Source code for neuraltrain.models.labram

# Copyright (c) Meta Platforms, Inc. and affiliates.
# All rights reserved.
#
# This source code is licensed under the license found in the
# LICENSE file in the root directory of this source tree.

"""Neuraltrain custom configuration for LaBraM.

Includes the following adaptations:

* Channel name remapping via an explicit user-provided mapping.
* Dynamic channel resolution at forward time using ``channel_positions`` to
  detect which channels are valid per sample.
* Temporal-embedding adaptation so pretrained weights can be reused with a
  different ``n_times`` (truncation for fewer patches, linear interpolation
  for more patches than the pretrained model).
"""

import logging
import typing as tp

import torch
import torch.nn as nn
import torch.nn.functional as F

from .base import BaseBrainDecodeModel
from .common import (
    INVALID_POS_VALUE,
    apply_temporal_adjustment,
    compute_temporal_adjustment,
    parse_bipolar_name,
)

logger = logging.getLogger(__name__)


class _LabramChannelWrapper(nn.Module):
    """Wraps a braindecode ``Labram`` to resolve channel names at forward time.

    Channel handling is precomputed in union-channel order:

    * ``_labram_names`` -- the LaBraM-cased name to forward to the inner
      model for each union channel (channels with no LaBraM mapping fall
      back to their original name and are dropped by braindecode's
      case-insensitive ``ch_names`` matching).
    * ``_positionless_mask`` -- a boolean buffer marking channels that have
      a valid LaBraM mapping but no montage position (bipolar derivations
      resolved via anode fallback, or channels added via an explicit
      ``channel_mapping``).  These are kept regardless of their per-sample
      ``channel_positions`` row, so e.g.
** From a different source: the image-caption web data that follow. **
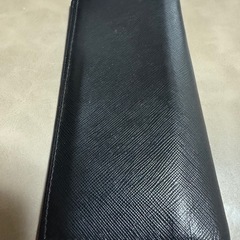 PRADA長財布の画像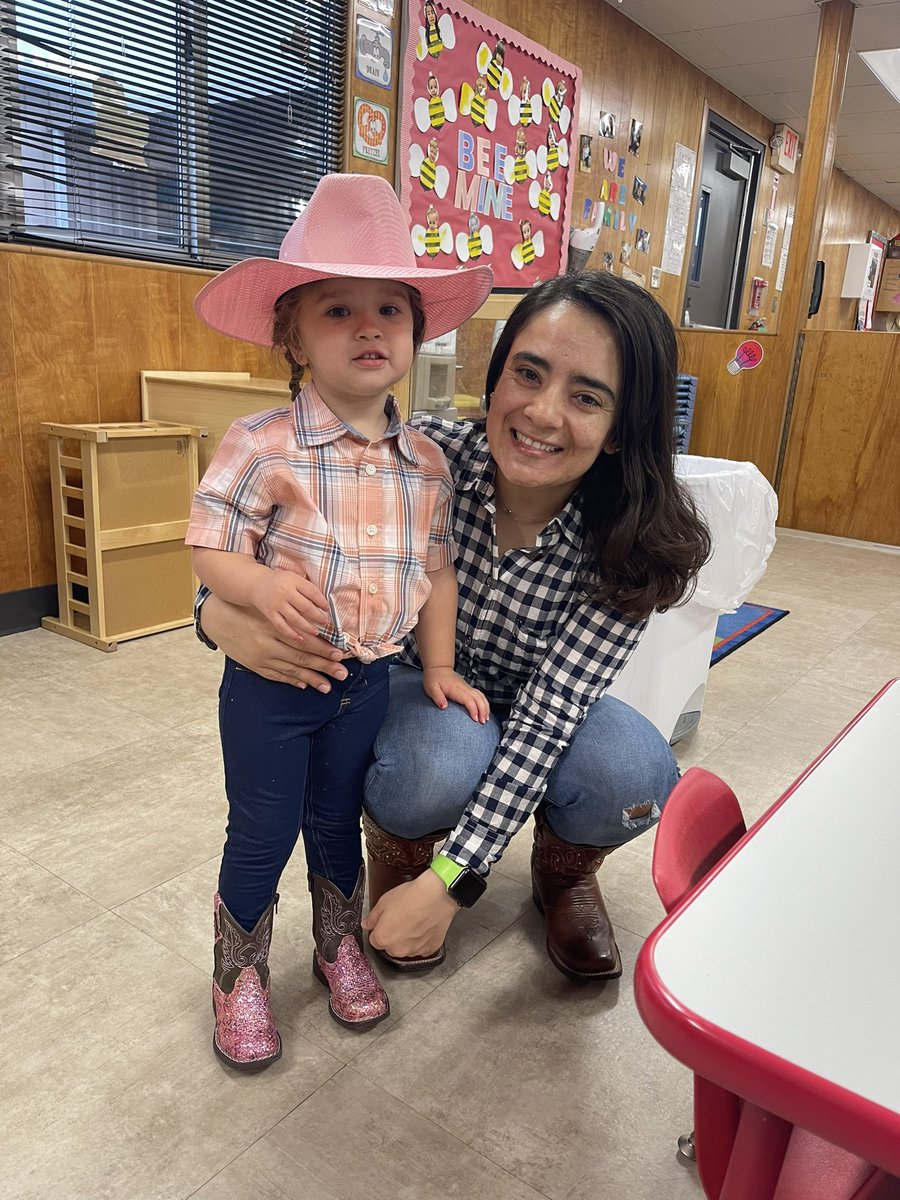 MrsWisdom2018's tweet photo. This cowgirl was ready to rope some cattle today with Miss Jo! @Telge_ELC https://t.co/4rg7fNBTNf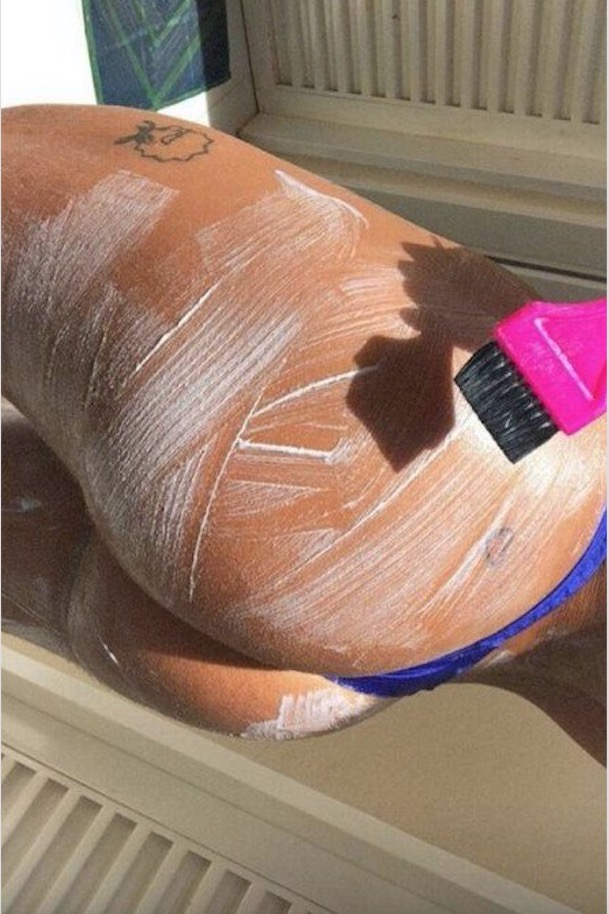 Pablo Vittar sensualiza com bumbum impecável de fio dental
SleepEDF's bipolar ``Fpz-Cz`` or
      Geodesic E-numbers reach LaBraM even when ``set_montage`` could not
      assign them coordinates.

    At forward time the per-sample mask ``(channel_positions != sentinel)``
    is OR-combined with ``_positionless_mask`` and intersected across the
    batch (LaBraM's ``ch_names`` is per-batch, so heterogeneous batches
    fall back to the channels valid in every sample).

    Parameters
    ----------
    model : nn.Module
        The braindecode ``Labram`` model instance.
    union_ch_names : list of str
        Ordered channel names from the dataset union (matching the channel
        dimension of the input tensor).
    ch_name_to_labram : dict mapping str to str
        Mapping from dataset channel names to LaBraM channel names, as
        returned by :meth:`NtLabram._build_channel_remapping`.  Channels not
        in this dict are forwarded with their original name and dropped by
        braindecode's case-insensitive ``ch_names`` matching.
    positionless_ch_names : set of str, optional
        Subset of ``ch_name_to_labram`` keys whose channels are not expected
        to carry montage positions.  Defaults to an empty set.
    pad_right, truncate_right : int
        Time-axis padding/truncation applied just before the inner model
        (see :func:`apply_temporal_adjustment`).
    """

    def __init__(
        self,
        model: nn.Module,
        union_ch_names: list[str],
        ch_name_to_labram: dict[str, str],
        positionless_ch_names: set[str] | None = None,
        pad_right: int = 0,
        truncate_right: int = 0,
    ) -> None:
        super().__init__()
        self.model = model
        self._pad_right = pad_right
        self._truncate_right = truncate_right

        positionless = set(positionless_ch_names) if positionless_ch_names else set()
        self._labram_names: list[str] = [
            ch_name_to_labram.get(name, name) for name in union_ch_names
        ]
        self.register_buffer(
            "_positionless_mask",
            torch.tensor(
                [name in positionless for name in union_ch_names],
                dtype=torch.bool,
            ),
        )

    def forward(self, x: torch.Tensor, channel_positions: torch.Tensor) -> torch.Tensor:
        """Forward pass with dynamic channel selection.

        Parameters
        ----------
        x : (B, n_channels, n_times)
        channel_positions : (B, n_channels, n_spatial_dims)
        """
        valid = (channel_positions != INVALID_POS_VALUE).any(dim=-1)
        valid = valid | self._positionless_mask  # type: ignore[operator]
        # Intersect across the batch: braindecode's ``ch_names`` is per-batch.
        common = valid.all(dim=0)

        indices = common.nonzero(as_tuple=True)[0].tolist()
        ch_names = [self._labram_names[i] for i in indices]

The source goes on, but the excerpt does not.